- **What to produce**: Each line below must be printed again exactly.

[Short descriptive text snippets]
══════════

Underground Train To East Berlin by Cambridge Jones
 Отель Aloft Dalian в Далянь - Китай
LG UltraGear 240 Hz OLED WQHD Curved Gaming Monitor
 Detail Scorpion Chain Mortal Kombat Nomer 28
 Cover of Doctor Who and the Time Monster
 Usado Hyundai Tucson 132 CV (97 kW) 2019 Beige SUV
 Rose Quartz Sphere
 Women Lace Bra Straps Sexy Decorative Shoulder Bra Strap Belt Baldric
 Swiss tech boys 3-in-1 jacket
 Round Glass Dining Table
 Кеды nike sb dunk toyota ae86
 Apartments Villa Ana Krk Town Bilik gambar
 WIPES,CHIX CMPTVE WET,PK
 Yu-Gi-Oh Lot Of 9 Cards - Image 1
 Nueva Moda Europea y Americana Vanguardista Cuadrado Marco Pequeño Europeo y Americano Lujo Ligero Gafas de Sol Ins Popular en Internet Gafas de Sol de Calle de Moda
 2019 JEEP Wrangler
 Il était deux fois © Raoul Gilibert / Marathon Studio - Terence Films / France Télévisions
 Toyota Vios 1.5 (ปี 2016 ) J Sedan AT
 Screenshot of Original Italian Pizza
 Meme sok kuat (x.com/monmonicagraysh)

══════════

- **Exercise result**:
Underground Train To East Berlin by Cambridge Jones
 Отель Aloft Dalian в Далянь - Китай
LG UltraGear 240 Hz OLED WQHD Curved Gaming Monitor
 Detail Scorpion Chain Mortal Kombat Nomer 28
 Cover of Doctor Who and the Time Monster
 Usado Hyundai Tucson 132 CV (97 kW) 2019 Beige SUV
 Rose Quartz Sphere
 Women Lace Bra Straps Sexy Decorative Shoulder Bra Strap Belt Baldric
 Swiss tech boys 3-in-1 jacket
 Round Glass Dining Table
 Кеды nike sb dunk toyota ae86
 Apartments Villa Ana Krk Town Bilik gambar
 WIPES,CHIX CMPTVE WET,PK
 Yu-Gi-Oh Lot Of 9 Cards - Image 1
 Nueva Moda Europea y Americana Vanguardista Cuadrado Marco Pequeño Europeo y Americano Lujo Ligero Gafas de Sol Ins Popular en Internet Gafas de Sol de Calle de Moda
 2019 JEEP Wrangler
 Il était deux fois © Raoul Gilibert / Marathon Studio - Terence Films / France Télévisions
 Toyota Vios 1.5 (ปี 2016 ) J Sedan AT
 Screenshot of Original Italian Pizza
 Meme sok kuat (x.com/monmonicagraysh)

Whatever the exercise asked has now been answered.